JUDY: We have the tools now to bypass the press... or start our own press, etc. I didn't mean we should direct outrage at the comedians or writers; I meant that the comedy might just be another infotainment distraction. It's cathartic, but it contributes to our passivity, I think. But who knows.... maybe it's the only "real" news we get from media.
I still say political comedy/satire is not a substitute for political action, and my point is that because it is so popular now, some people are entertained into thinking it actually does something. It doesn't. I reinforces people's indignation, and MAYBE motivates them, but because of its very essence, which is entertainment--I mean TV, not political cartoons or live interaction--it is a distraction from action. And because it has become a big part of American pop culture, it has helped weaken print journalism.
Also, I think the Occupy Movement did a pretty good job of usurping the press and media. Also, Benjamin Franklin put out a pretty good rag in his time. I'm "thinking out loud" here, trying to solve what I think is a problem, so it's not necessary to overreact, for crying out loud.

JUDY: sorry... what I'm trying to say is "the revolution will not be televised" (Colbert, Stewart). Thank you for your patience.

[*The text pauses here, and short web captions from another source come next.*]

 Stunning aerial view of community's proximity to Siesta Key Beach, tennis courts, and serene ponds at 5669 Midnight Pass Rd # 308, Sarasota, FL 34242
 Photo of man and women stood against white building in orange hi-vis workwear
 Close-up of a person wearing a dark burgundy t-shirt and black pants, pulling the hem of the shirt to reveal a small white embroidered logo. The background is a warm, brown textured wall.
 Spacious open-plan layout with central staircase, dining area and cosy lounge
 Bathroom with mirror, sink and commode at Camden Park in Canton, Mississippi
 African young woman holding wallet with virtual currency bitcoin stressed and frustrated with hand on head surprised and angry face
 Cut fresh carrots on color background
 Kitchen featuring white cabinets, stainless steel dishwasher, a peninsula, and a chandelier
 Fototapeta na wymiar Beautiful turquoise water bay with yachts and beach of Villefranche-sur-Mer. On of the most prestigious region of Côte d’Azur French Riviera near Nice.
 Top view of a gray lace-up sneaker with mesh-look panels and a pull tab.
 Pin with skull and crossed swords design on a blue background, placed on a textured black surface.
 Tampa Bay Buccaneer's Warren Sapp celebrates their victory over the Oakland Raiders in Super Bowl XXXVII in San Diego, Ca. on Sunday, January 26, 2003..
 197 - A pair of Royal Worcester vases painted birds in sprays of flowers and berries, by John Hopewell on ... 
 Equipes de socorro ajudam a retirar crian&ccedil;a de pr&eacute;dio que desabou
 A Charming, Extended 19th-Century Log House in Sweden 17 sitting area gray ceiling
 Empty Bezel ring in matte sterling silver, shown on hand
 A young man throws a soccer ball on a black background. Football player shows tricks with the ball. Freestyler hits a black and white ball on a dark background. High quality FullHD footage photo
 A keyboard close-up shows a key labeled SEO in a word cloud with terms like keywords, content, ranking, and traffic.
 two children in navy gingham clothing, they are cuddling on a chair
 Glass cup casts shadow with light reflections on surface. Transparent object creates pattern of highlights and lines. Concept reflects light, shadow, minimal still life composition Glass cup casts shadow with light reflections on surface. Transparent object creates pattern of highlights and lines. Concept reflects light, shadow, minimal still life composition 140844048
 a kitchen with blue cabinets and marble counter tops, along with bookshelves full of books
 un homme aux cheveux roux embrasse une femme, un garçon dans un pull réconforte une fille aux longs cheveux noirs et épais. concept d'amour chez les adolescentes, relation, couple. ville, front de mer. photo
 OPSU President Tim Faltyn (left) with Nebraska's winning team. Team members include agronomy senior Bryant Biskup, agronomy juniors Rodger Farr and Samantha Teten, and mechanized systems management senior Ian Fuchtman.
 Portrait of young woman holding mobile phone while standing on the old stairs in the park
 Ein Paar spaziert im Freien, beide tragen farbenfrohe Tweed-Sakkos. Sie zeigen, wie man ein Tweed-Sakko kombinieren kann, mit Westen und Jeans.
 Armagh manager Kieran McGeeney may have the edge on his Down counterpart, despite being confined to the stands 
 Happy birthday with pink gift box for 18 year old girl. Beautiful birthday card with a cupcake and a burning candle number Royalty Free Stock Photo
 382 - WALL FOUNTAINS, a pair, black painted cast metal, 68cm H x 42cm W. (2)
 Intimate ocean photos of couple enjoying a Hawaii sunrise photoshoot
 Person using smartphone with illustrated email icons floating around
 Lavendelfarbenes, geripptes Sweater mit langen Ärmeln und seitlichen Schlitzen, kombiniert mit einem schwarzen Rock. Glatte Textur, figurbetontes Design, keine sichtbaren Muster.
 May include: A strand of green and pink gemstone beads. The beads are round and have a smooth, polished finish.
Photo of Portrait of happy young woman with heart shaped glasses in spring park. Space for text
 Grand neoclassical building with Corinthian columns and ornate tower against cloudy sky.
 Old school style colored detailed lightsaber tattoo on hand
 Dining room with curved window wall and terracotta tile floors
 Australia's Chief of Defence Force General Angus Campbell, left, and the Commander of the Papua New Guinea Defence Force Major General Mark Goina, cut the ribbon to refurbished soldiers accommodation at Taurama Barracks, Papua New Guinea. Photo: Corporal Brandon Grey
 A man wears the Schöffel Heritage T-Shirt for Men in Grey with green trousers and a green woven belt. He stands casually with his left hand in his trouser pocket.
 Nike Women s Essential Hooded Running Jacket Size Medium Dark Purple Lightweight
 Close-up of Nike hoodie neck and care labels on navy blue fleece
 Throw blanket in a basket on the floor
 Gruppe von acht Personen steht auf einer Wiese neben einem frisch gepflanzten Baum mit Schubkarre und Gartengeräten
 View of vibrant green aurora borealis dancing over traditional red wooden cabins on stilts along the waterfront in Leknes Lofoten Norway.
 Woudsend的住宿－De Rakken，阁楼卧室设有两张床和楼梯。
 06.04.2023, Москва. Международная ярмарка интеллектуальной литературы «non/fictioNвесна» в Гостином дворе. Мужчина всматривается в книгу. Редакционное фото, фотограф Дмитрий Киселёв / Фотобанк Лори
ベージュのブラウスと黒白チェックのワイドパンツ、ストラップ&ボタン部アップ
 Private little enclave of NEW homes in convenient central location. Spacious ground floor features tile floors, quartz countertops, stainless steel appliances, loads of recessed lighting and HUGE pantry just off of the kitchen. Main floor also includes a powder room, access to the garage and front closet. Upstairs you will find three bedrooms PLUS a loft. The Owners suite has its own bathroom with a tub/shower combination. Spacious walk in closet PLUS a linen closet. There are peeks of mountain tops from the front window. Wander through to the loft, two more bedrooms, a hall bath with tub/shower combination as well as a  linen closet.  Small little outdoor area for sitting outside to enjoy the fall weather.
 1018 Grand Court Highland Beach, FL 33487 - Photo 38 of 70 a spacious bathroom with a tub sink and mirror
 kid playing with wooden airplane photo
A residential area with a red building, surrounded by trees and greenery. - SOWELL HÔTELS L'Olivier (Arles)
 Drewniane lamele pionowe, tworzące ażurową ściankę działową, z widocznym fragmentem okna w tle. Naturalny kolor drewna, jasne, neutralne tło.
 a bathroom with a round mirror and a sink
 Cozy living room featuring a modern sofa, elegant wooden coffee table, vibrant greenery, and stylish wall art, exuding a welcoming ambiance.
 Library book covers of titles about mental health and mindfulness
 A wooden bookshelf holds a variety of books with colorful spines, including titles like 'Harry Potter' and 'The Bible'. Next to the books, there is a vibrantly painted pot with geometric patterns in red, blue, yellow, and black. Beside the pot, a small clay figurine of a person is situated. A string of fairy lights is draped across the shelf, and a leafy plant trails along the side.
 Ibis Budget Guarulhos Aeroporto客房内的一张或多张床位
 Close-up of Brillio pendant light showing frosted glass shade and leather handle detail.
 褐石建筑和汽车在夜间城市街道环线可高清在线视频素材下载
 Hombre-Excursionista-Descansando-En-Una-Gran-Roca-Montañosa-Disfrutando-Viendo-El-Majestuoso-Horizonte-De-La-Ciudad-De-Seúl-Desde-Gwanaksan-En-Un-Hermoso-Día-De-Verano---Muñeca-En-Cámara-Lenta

[No apology necessary—we write because we care, or, as the button Colleen brought me says, I am therefore I write.]

Hit and Myth

Oddly, this exchange brought Miss O’ back to the role of myth: In our culture today, the story we seem to be telling each other about our world is all back-asswards: The “legitimate news organizations” are not so much about truth as posture, like that kid there with the iThingy, stooped, staring intently into a small glass screen, over which passes a rapidly moving thumb—there’s a lot of “outrage” and very little substantive action, and a near-total denial of the natural world and human effects on it (or it on us). In the realms of art, including comedy shows, we find our most accurate assessments of the news of the day, the state of the union, the touchstones of popular culture and feeling. Political satire has ever been part of developed civilizations, societies and settlements creating a need for politics, negotiations, rules. (Libertarians and conservatives often want no governmental rules (except, weirdly, on personal choices like sex and reproduction). If anyone wants to find out, in a fairly safe microcosm, what happens when you announce, “There are no rules here,” say that to a typical public high school English class when you are in the capacity of substitute teacher.) By the same token, here is one cartoonist's take on the two American political parties:

What A Short History of Myth makes clear is that societies need and have ever needed stories that show us rules for living. What mythologist Joseph Campbell’s Power of Myth conversations explore (another book I turn to) is how mythologies have to grow, change, and evolve as humans do in order to remain relevant and, more important, useful. He also makes clear that we not only have to have tolerance for each other’s myths, we should know and understand these various myths. Everyone has a story, a mythology, that resonates, but one thing all myths have in common is they include an act of disobedience: “Now God must have known very well that man was going to eat the forbidden fruit,” Campbell points out. "But it was by doing that that man became the initiator in his own life. Life really began with that act of disobedience.”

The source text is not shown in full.